Thursday, October 06, 2005

bus drama

We live a 5-minute drive from Cadao's kindergarten, but it's not a viable walk or bike ride for him, and there's no way we'd drive him to or fro daily, so he has to take the bus. (This would not be necessary if his kindergarten was in the same building as his first through fifth grade will be, but that's another rant.) He's one of the last picked up on the way to school, so has a quick trip there. However, his ride home is about 45 minutes long. He doesn't enjoy sitting on the bus for 45 minutes, and I can't say I blame him. (Why does anyone think it's okay to have 5-year-olds sitting around bored and essentially unsupervised for 45 minutes? School is only 2 1/2 hours long, and if he spent a quarter of his classroom time sitting still with no teacher guidance, I don't think anyone would find that okay. But whatever.)

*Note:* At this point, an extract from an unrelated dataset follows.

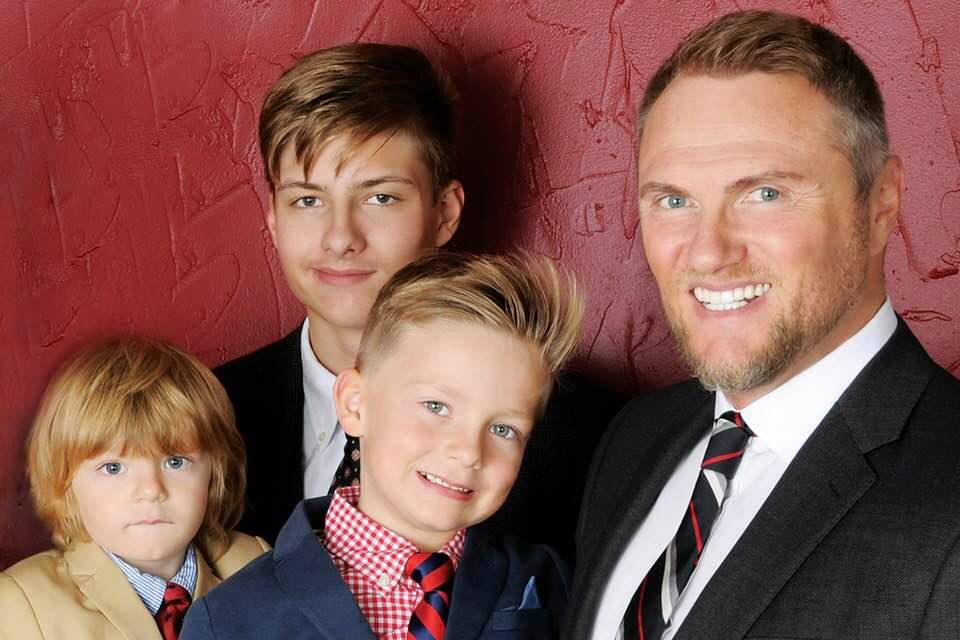 Евгений Рыбчинский с сыновьями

His bus route makes a loop however, and in the first part of the loop, it passes Cadao's old preschool, about 2 blocks away. It's an annoying walk, because despite our complaints the local car shop thinks it's okay to park all the cars they're working on in the sidewalk, but it's not too bad. So we decide to switch Cadao's bus stop so he'd get off at his old preschool and we'd walk home from there. This makes my life significantly more difficult, but cuts a half hour off his ride- definitely worthwhile.

Dan calls the bus garage, explains the situation, and sends a note in to make the switch as directed. He specifies the exact route number Cadao would continue to ride. At 3:25, I go to the new stop to wait.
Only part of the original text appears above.